• Gwynedd Stuart
  • A lot less frightening than it looks

In this feature Gwynedd Stuart seeks out affordable midday meals that don’t exceed five bucks (*actually seven, with tax and tip).

Opening a creative hot dog restaurant in Chicago seems like a losing proposition, mostly because your restaurant will never be Hot Doug’s. This will automatically be treated as a deficiency and people will repeat the refrain like it was the chorus in a pop song about nitrite-laden meats: “It’s OK, but it’s no Hot Doug’s.” You could even try to preempt copycat criticism by calling it something like Not Hot Doug’s or Definitely Not Hot Doug’s and That’s OK!, but everyone is still going to draw the comparison. And the comparison bodes poorly for the one that isn’t Hot Doug’s.

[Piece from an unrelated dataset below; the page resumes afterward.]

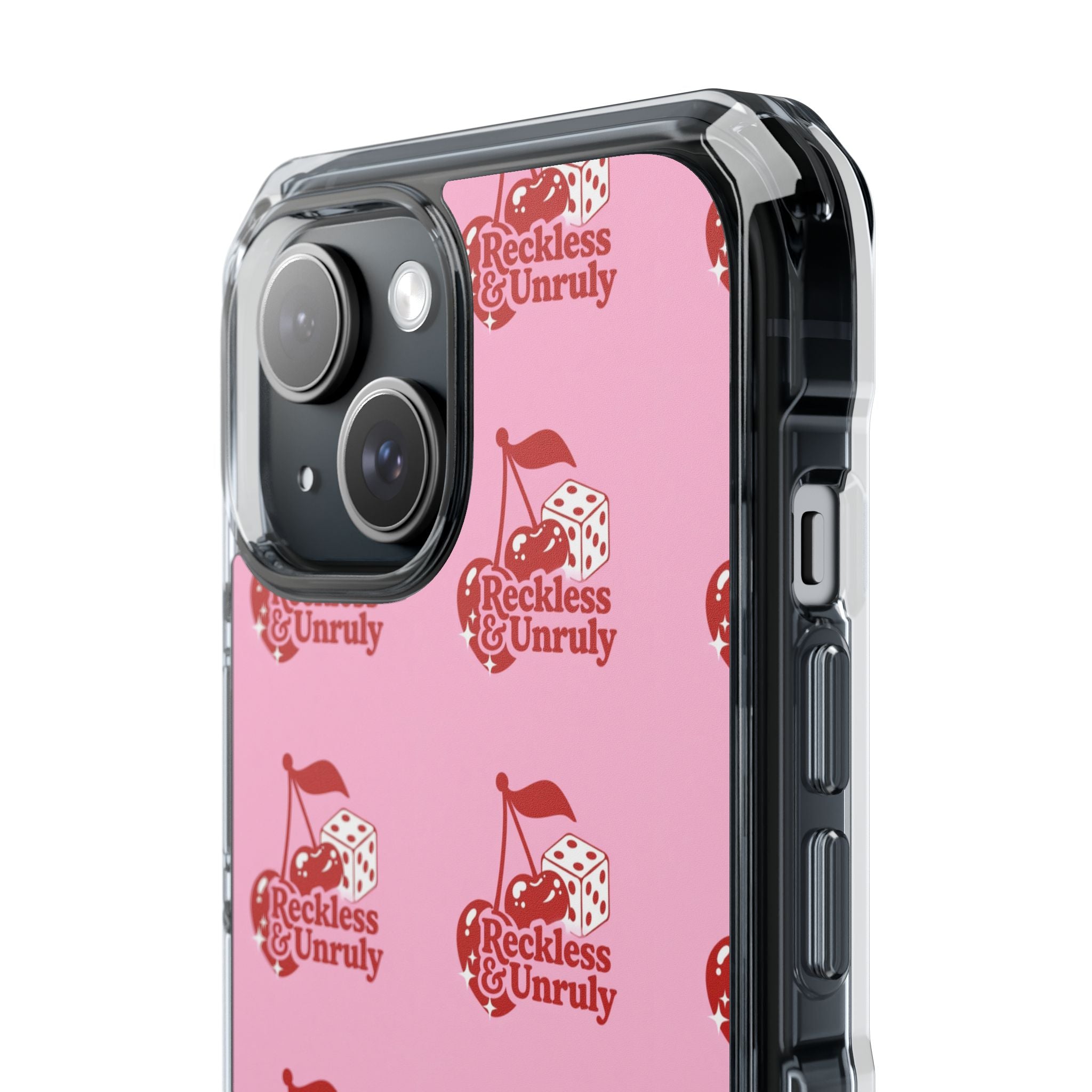 Clear Magnetic Phone Case — Pink ‘Reckless & Unruly’ Repeat Logo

Restaurateur Dion Antic must be a masochist. His first foray into hot dogs, Rockstar Dogs, didn’t make it. Judging from Yelp reviews and reader comments on a post Mike Sula wrote about it in 2008, people thought it was overpriced (“more expensive than Hot Doug’s”) and a subpar spin on another local hot dog joint (Hot Doug’s). Also, it had a stripper pole and after 10 PM women could “dance” for a free hot dog. Grinding one’s pelvic parts onto a cold, metal pole for processed meat products has to be one of the most depressing things I’ve ever heard. Why not just slide them, buns and all, into their underpants? If anything, it sounds like Rockstar was trying to differentiate itself, but tried too hard and maybe did it wrong.